Nothing but the lines from the first line of the records through the line with "Wspólne zdjęcie grupowe" should be output, exactly as written and free of pictures.
Top of Extracted material
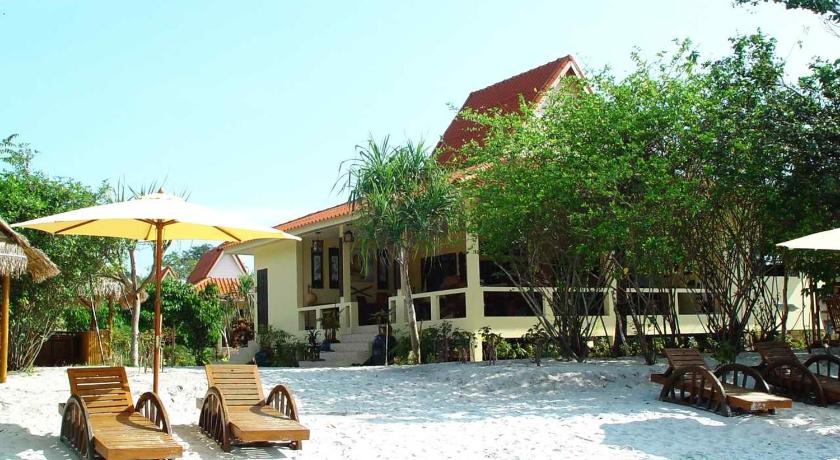 a beach area with a beach umbrella and chairs, Buffalo Bay Vacation Club in Koh Phayam (Ranong)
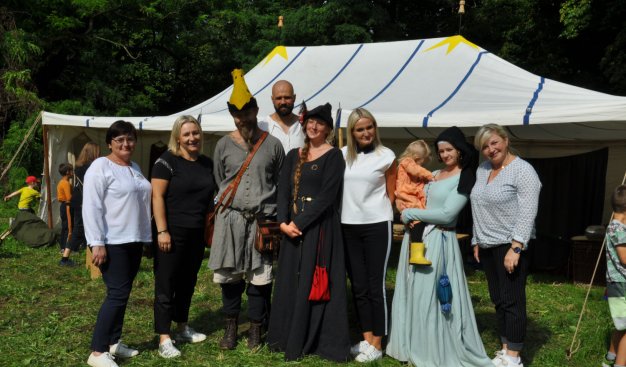 Wspólne zdjęcie grupowe kilku osób - pracowników Ośrodka Kultury i osób w średniowiecznych strojach, na tle białego namiotu.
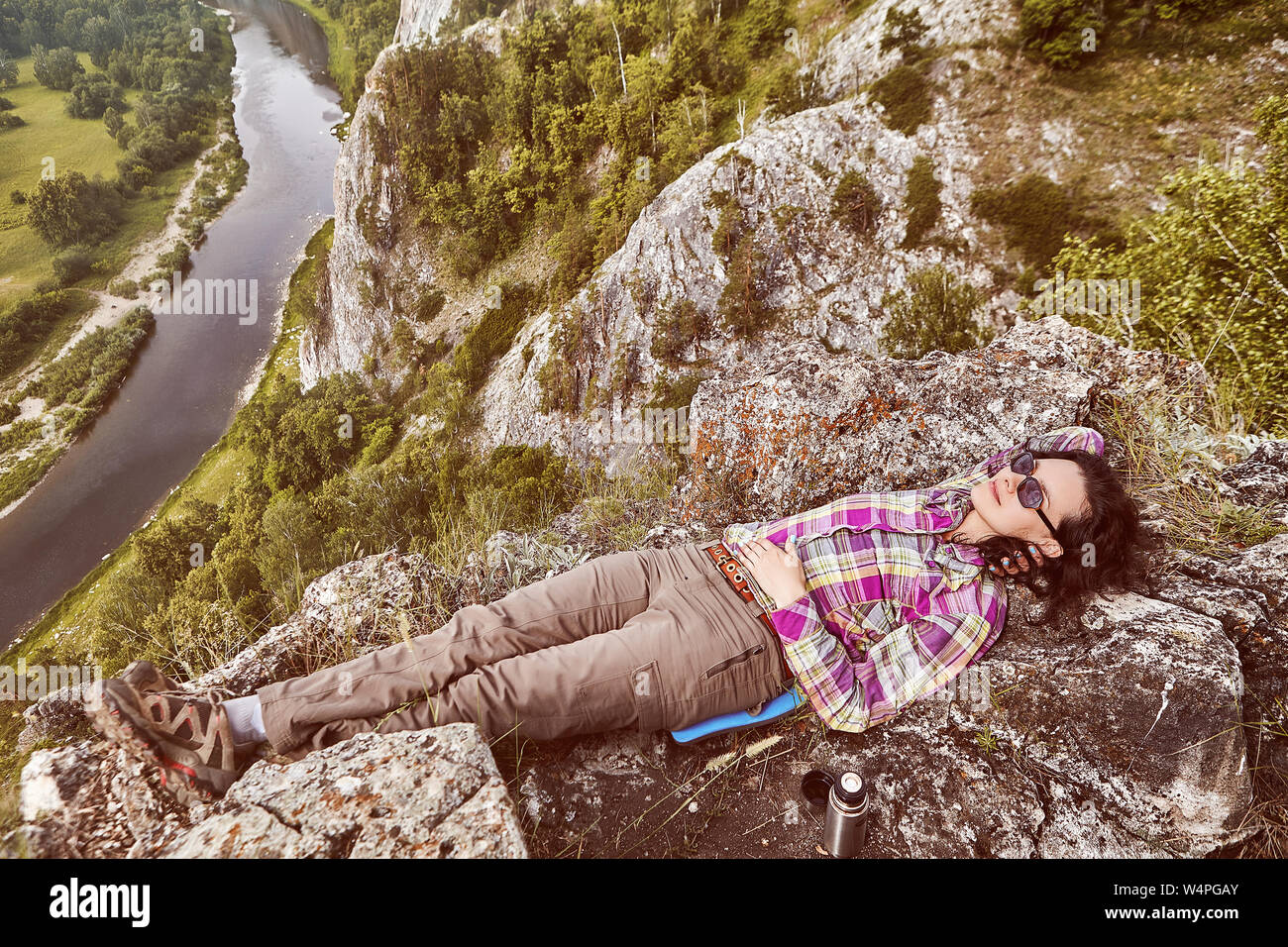 El turismo ecológico en las montañas, una hermosa mujer caucásica descansa en la cima de una montaña, encima de un tranquilo río. Foto de stock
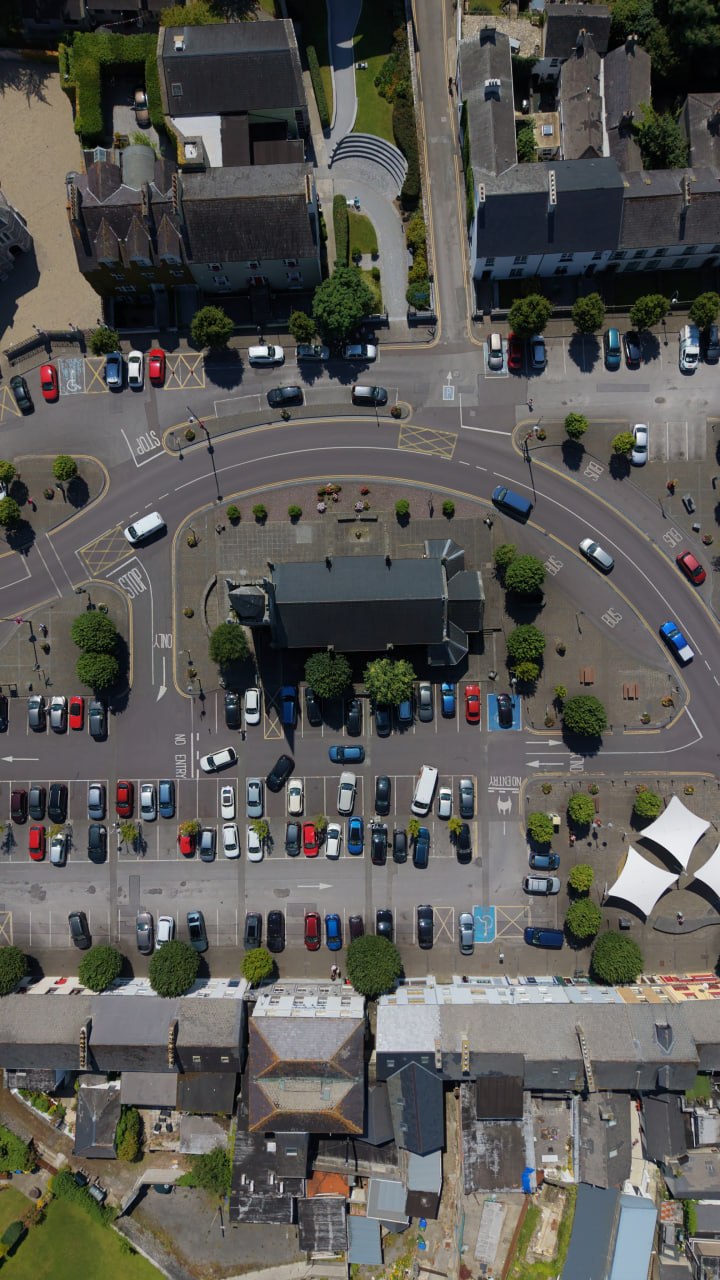 Aerial view of Listowel Square with the central market house, parked cars and surrounding streets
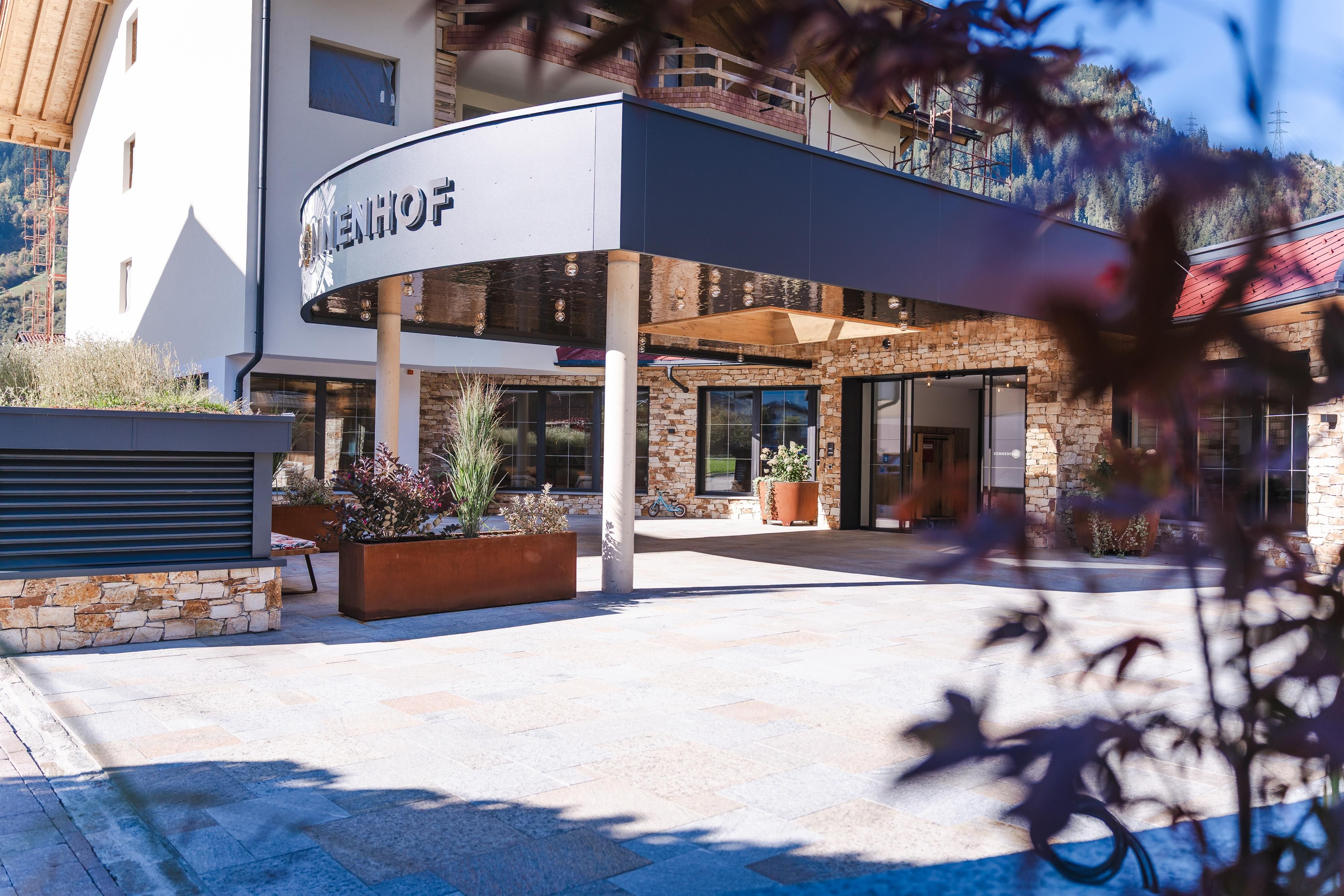 A modern building with an inviting entrance area. The surroundings are well-maintained and friendly designed.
Bottom of Extracted material
» Completed task:
 a beach area with a beach umbrella and chairs, Buffalo Bay Vacation Club in Koh Phayam (Ranong)
 Wspólne zdjęcie grupowe kilku osób - pracowników Ośrodka Kultury i osób w średniowiecznych strojach, na tle białego namiotu.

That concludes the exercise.